I've seen it in my own community just north of Boston. Gordon College alum Sam Winslow, for example, recently founded Thirst Footwear, which will fund new wells in sub-Saharan Africa through every shoe purchase. Then there's the Accessible Icon Project -- a collaboration between faculty members Brian Glenney and Tim Ferguson-Sauder, current Gordon students, Cambridge artist Sarah Hendron, and the disability advocacy group Triangle -- which is working to change public perceptions of disability through a more active, engaged visual representation of the "Handicap Symbol." Gordon College itself has recently partnered with Praxis Labs, an organization that supports the development of new social enterprises through mentoring and funding opportunities.
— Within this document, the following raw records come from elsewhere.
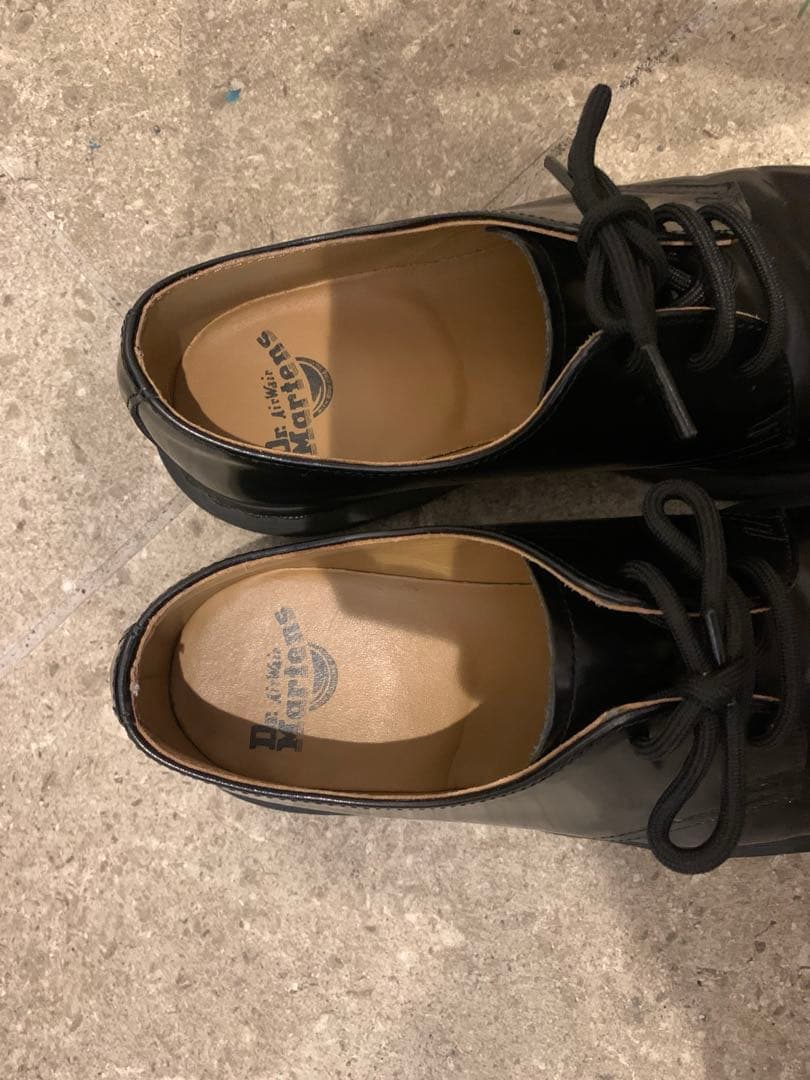 Dr.Martins ドクターマーチンブラックレザー UK7 26cm ホール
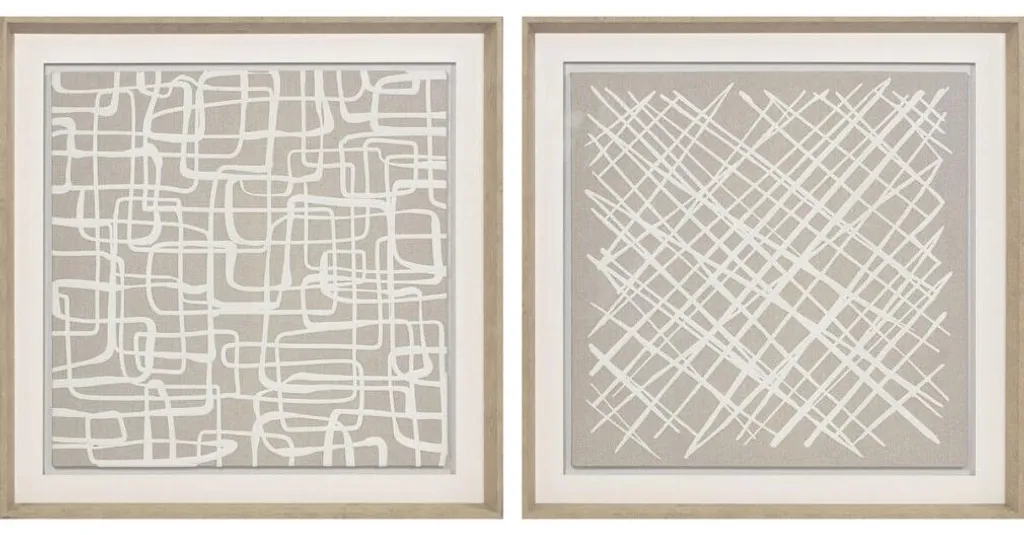Décoration Murale ESPRIT Cristal 80x80 cm en polystyrène - Duo Déco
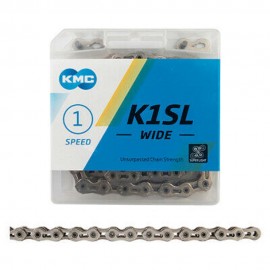 KMC K1SL WIDE 1/2x1/8" CHAIN SILVER/SILVER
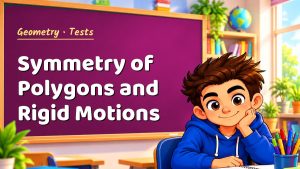 Geometry Symmetry of Polygons and Rigid Motions Test with Point Values (PDF)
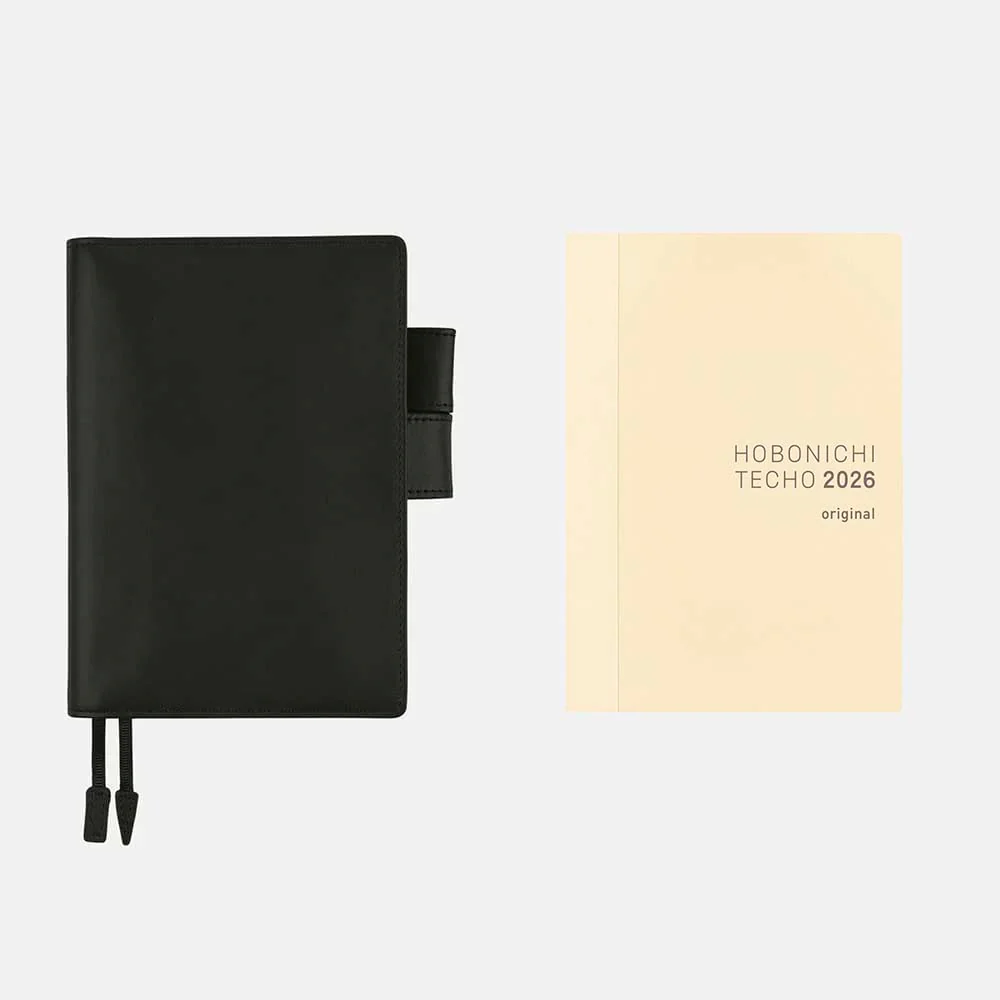Hobonichi | Agenda Hobonichi Techo A6 Leather: TS Basic Black 2026 - Image 8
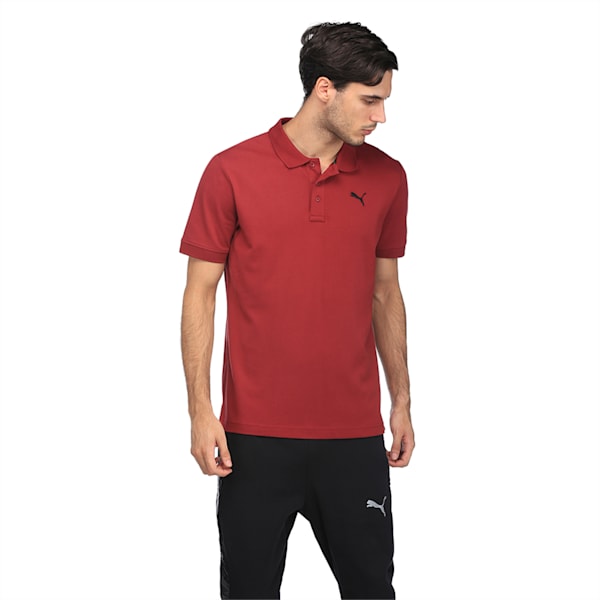 Men's Pique Polo, Tibetan Red, extralarge-IND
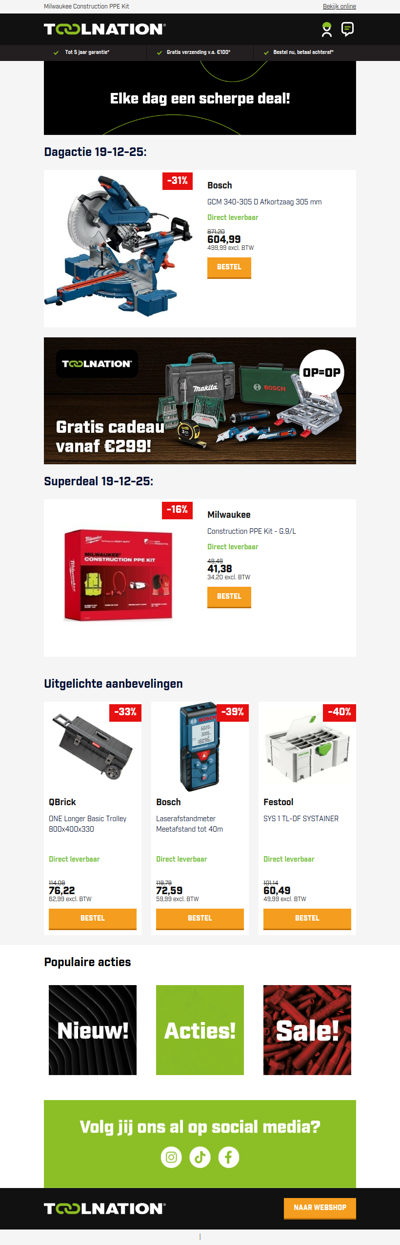 ✂️ Zaag als een professional – Bosch Afkortzaag 305 mm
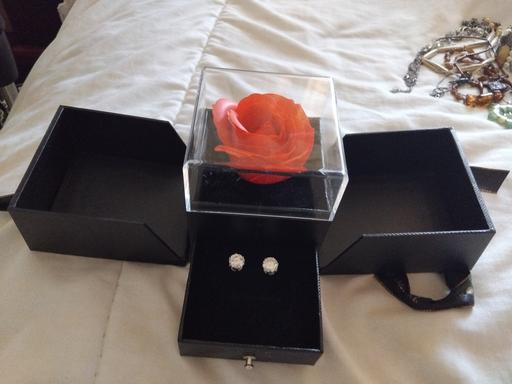 Buy & Sell Milton Regis Swale - Photos for beautiful real rose in jewellery box with bea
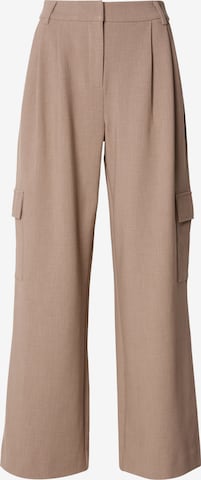 ruda MSCH COPENHAGEN Plačios klešnės Klostuotos kelnės 'Michelle': priekis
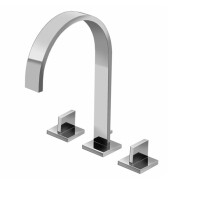Dornbracht for Villeroy & Boch MEM Bateria umywalkowa z korkiem automatycznym platynowa 20715782-08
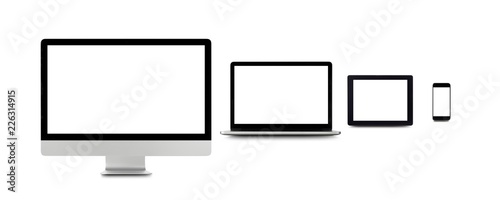Blank digital device screens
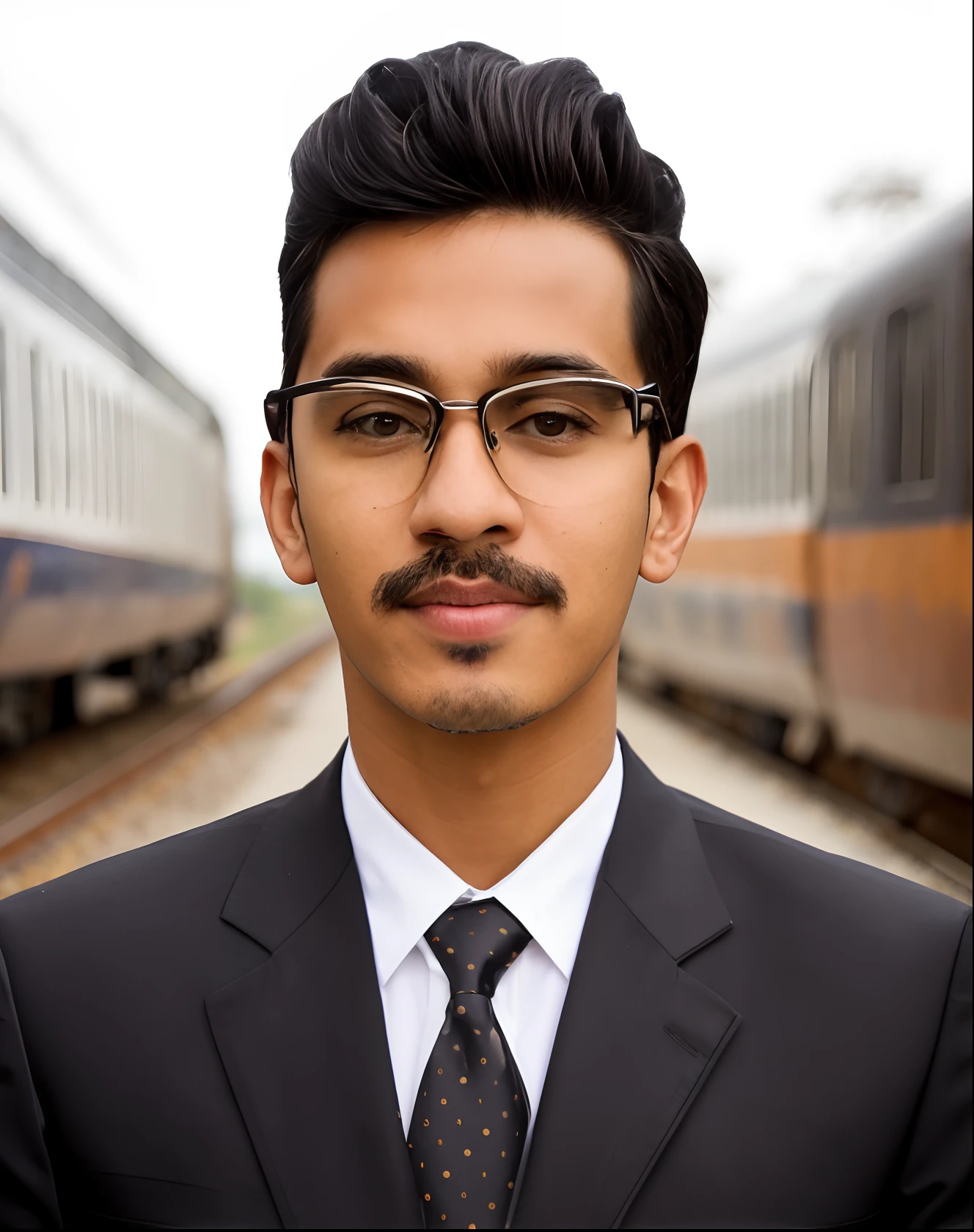 there is a man sitting on the train tracks with his feet up, candid picture, with lovely look, stylish pose, ayan nag, casual photography, very artistic pose, handsome man, beautiful young man, beautiful man, cool pose, modeling shoot, young man, casual pose, cute young man, with a cool pose, with accurate face, potrait, fashion model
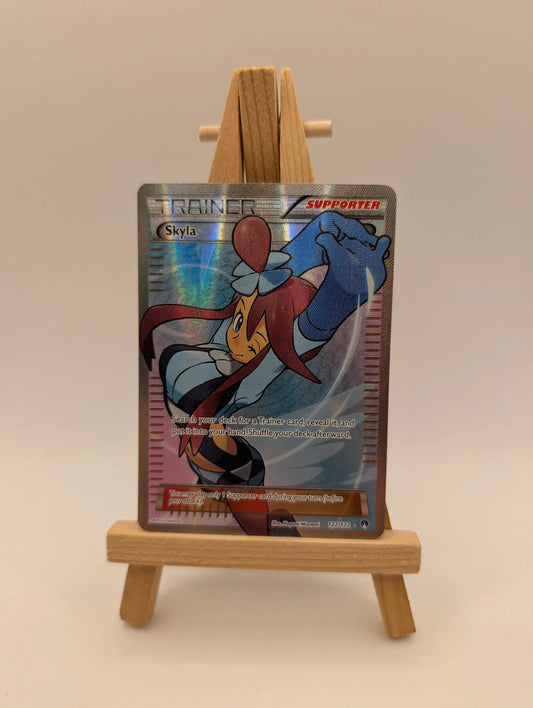 Skyla - 122/122 - Full Art Trainer - XY Break Point - Pokemon Card - Lp FRENLY BRICKS - Open 7 Days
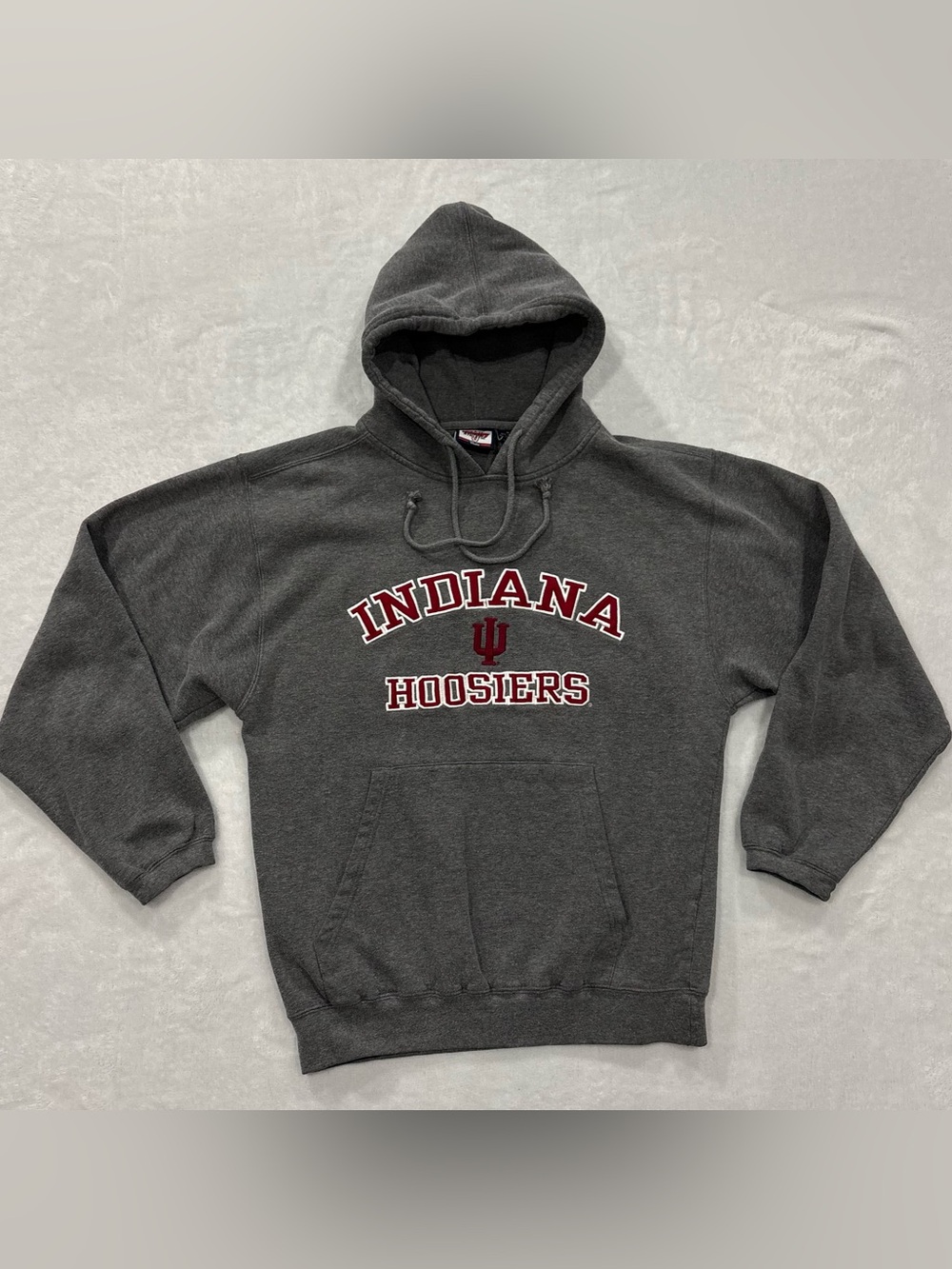 NCAA Indiana Hoosiers Varsity Athletic Grey Sweatshirt Hoodie Men’s Size M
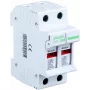 VCX Pro Fuse Base 2-Pole 32A 400V AC 10x38mm DIN Rail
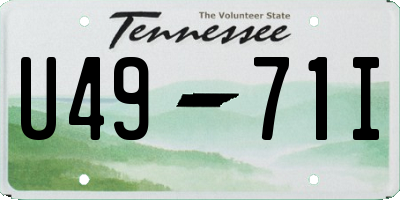 TN license plate U4971I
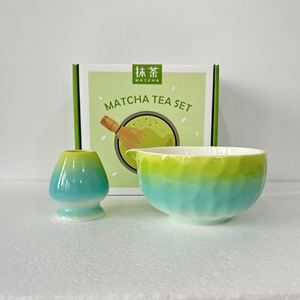 Tazón de Cerámica Tradicional para Matcha, Tazón Japonés de Gran Capacidad para Preparar Té, Taza Profunda Resistente al Calor para Preparar Matcha, Accesorios para Té - Product Image 1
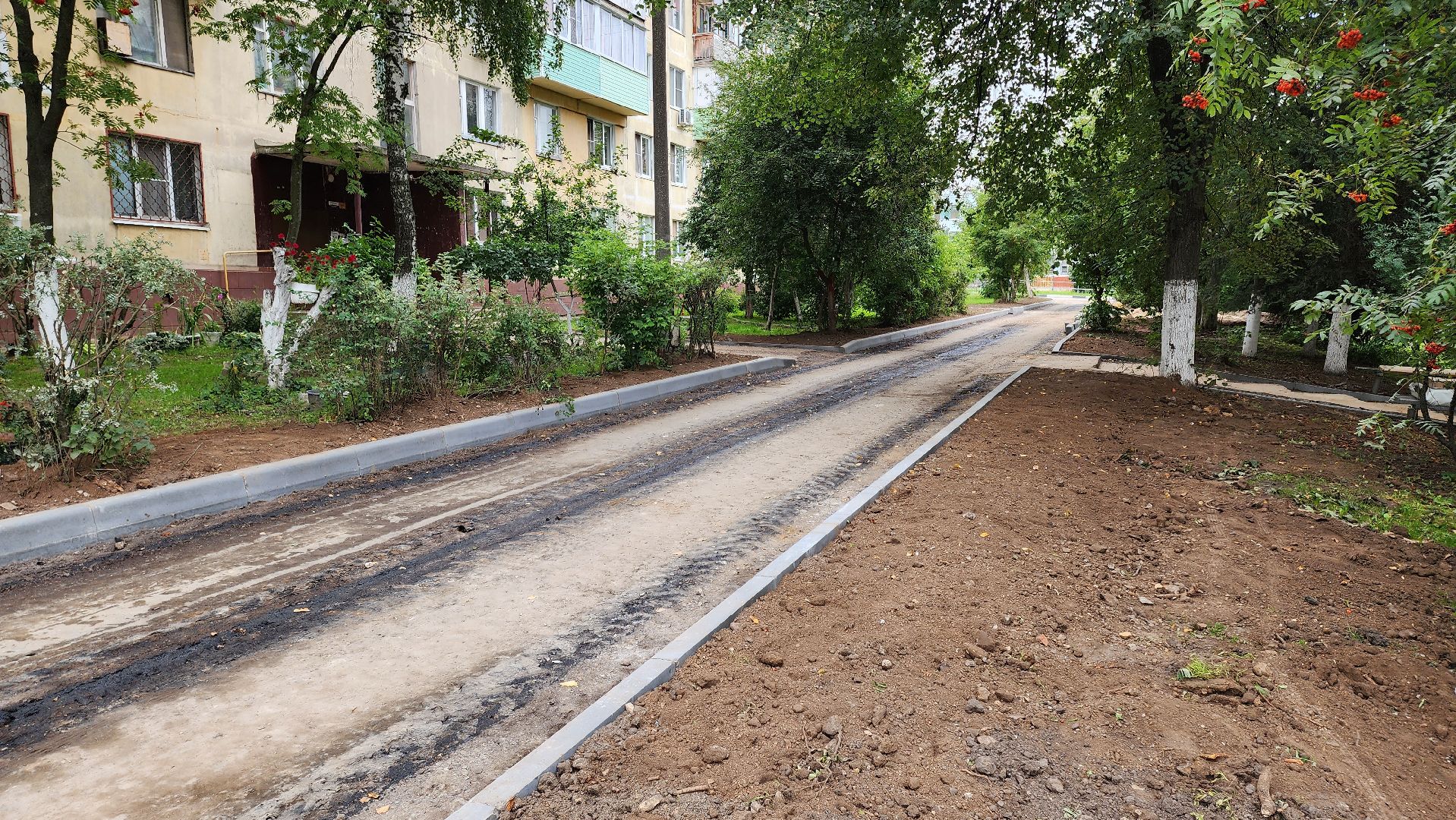 Кашира, благоустройство, дворы, парковки, асфальт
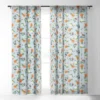 Ninola Design Citrus Fruits Summer Blue 84" X 50" Single Panel Sheer Window Curtain - Deny Designs -Deny Designs Shop GUEST 77f01916 4774 4254 ae07 d9362eb76cff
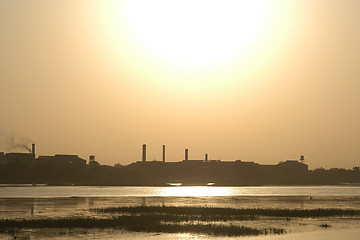 Image showing Warehouses on the Nile river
An entrepreneurial spirit is thriving among the next generation. Yet in order to turn their ambition into action, today's students will need a solid foundation that prepares them for the unique challenges and opportunities of entrepreneurship. This is where a strong liberal arts education can give young entrepreneurs a significant advantage. We teach students to reason across disciplines and cultures, from perspectives familiar and foreign. By instilling in students this habit of thinking holistically -- that is, being able to synthesize disparate ideas or elements into a creative, unified solution -- the liberal arts provide a flexible framework for entrepreneurial enterprise. Holistic learning sets the table for useful innovation; entrepreneurship is the practical application of these great ideas.

It's possible, however, for liberal arts colleges to do wrong by the next generation. Higher education can be all theory, no practice. Students can learn to reason with clarity and discover their academic passions, but never learn what it means to put those passions to work. A defining feature of the truly transformative college experience is the exploration of vocation -- what theologian Frederick Buechner described as "where your deep gladness and the world's deep hunger meet" -- within the formative conversations of the liberal arts.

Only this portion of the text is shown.